Nie dalej jak wczoraj wieczorem, podopieczni Juliana Nagelsmanna rozegrali swoje siedemnaste oficjalne spotkanie w tym sezonie. Tym razem monachijczycy rywalizowali w Pucharze Niemiec.
Po ostatnim zwycięstwie 5:0 nad Freiburgiem w Bundeslidze, tym razem monachijczycy pokonali FC Augsburg 5:2. Bramki dla FCB zdobyli Eric Maxim Choupo-Gooting, Joshua Kimmich, ponownie Choupo-Goating, Jamal Musiala oraz Alphonso Davies. Tradycyjnie po zakończeniu spotkania na pytania odpowiadali piłkarze oraz trenerzy obu klubów.
Julian Nagelsmann:
− To był klasyczny mecz pucharowy - dużo gry tam i z powrotem. Nie jest łatwo grać przeciwko takiej drużynie. Nie zaczęliśmy dobrze, nie byliśmy dobrzy w pierwszych dziesięciu minutach, byliśmy bardzo ospali i straciliśmy bramkę. Do przerwy mieliśmy wystarczająco dużo szans, by już we wczesnej fazie gry uzyskać dobry wynik.
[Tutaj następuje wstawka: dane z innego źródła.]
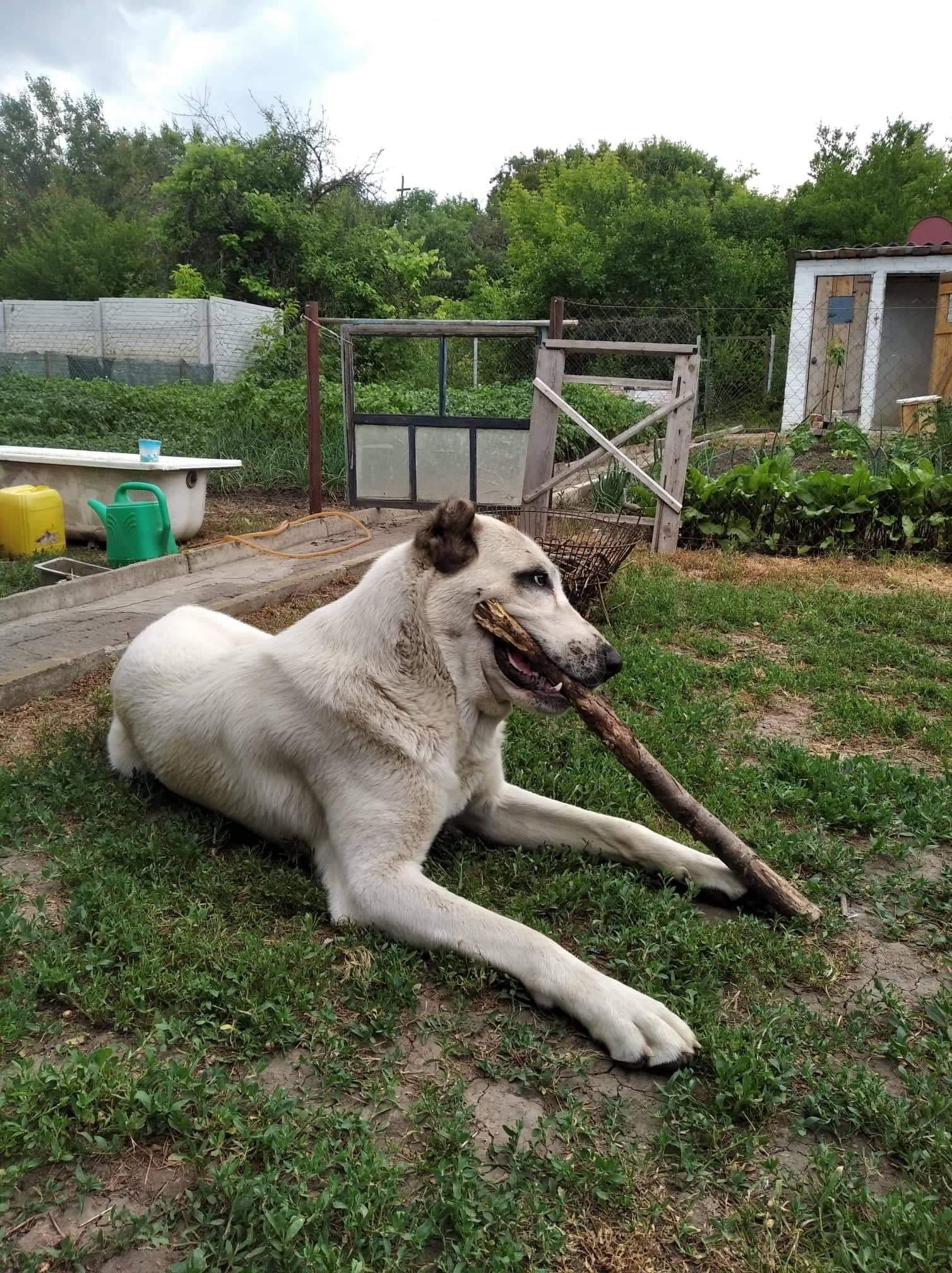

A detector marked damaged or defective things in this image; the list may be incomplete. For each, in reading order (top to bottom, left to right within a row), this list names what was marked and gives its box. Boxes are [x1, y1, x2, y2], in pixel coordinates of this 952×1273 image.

rusty metal basket [484, 504, 646, 613]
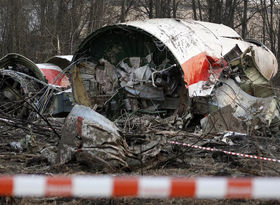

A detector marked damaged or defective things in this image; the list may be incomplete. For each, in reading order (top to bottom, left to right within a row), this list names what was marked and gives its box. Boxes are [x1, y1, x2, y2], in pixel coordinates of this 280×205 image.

torn metal panel [58, 105, 131, 167]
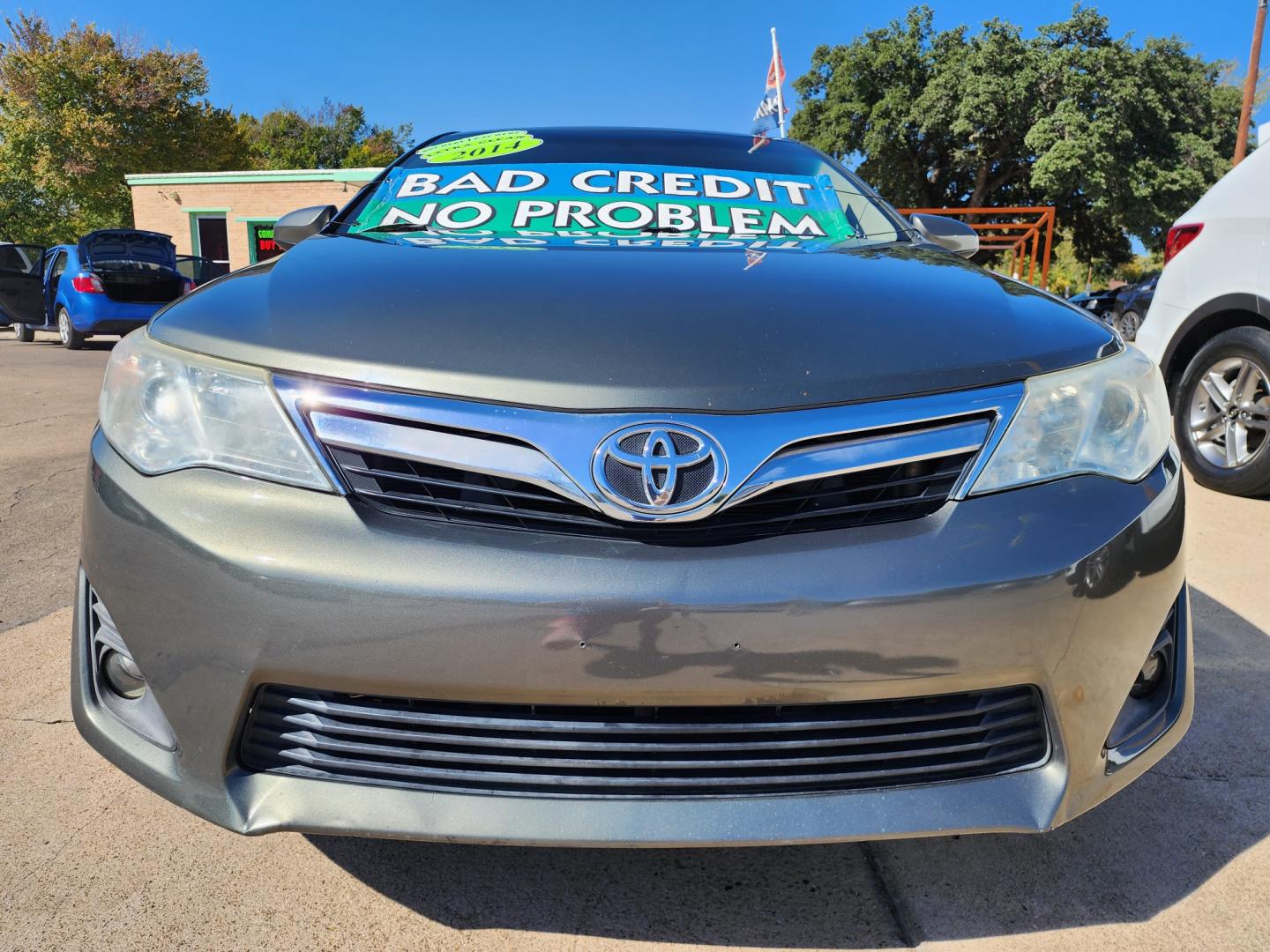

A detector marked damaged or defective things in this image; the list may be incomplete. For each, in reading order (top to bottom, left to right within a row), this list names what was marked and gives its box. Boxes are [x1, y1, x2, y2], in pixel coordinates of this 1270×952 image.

dent on bumper [77, 434, 1188, 847]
Dwadzieścia minut po przerwie było bardzo dobre, to była bardzo dobra reakcja z dobrym pressingiem.
Leon Goretzka:
− Pierwsze dziesięć minut było fatalne w naszym wykonaniu, potem podjęliśmy walkę i zasłużyliśmy na zwycięstwo w ostatecznym rozrachunku. Wiedzieliśmy, czego możemy się spodziewać. To niesamowicie obrzydliwe grać w ten sposób. Ciężka praca i odpowiednia świadomość, aby bronić dobrze z tyłu i strzelać bramki z przodu - to jest to, co teraz znowu robimy coraz lepiej.
Eric Maxim Choupo-Moting:
− Pokazaliśmy wielkie morale. Pierwsze 15 minut na pewno nie było dobre, ale pokazaliśmy bardzo dobrą reakcję. Osobiście, mimo kilku niewykorzystanych szans, zawsze miałem wrażenie, że bramka przyjdzie i tak się stało. Ważny był oczywiście gol wyrównujący przed przerwą. Trener znalazł odpowiednie słowa w połowie meczu. Potem w drugiej połowie mieliśmy wiele szans i nagrodziliśmy się za nasze starania.
Enrico Maassen:
− To był bardzo pasjonujący występ. Zaczęliśmy jak straż pożarna. To był świetny mecz, reklama piłki nożnej, po to ludzie chodzą na stadion. Mieliśmy też duży udział w stracie tych bramek, co jest niefortunne. Kluczowa była sytuacja i bramka na 2:4. Mimo to ogromne wyrazy uznania dla mojego zespołu.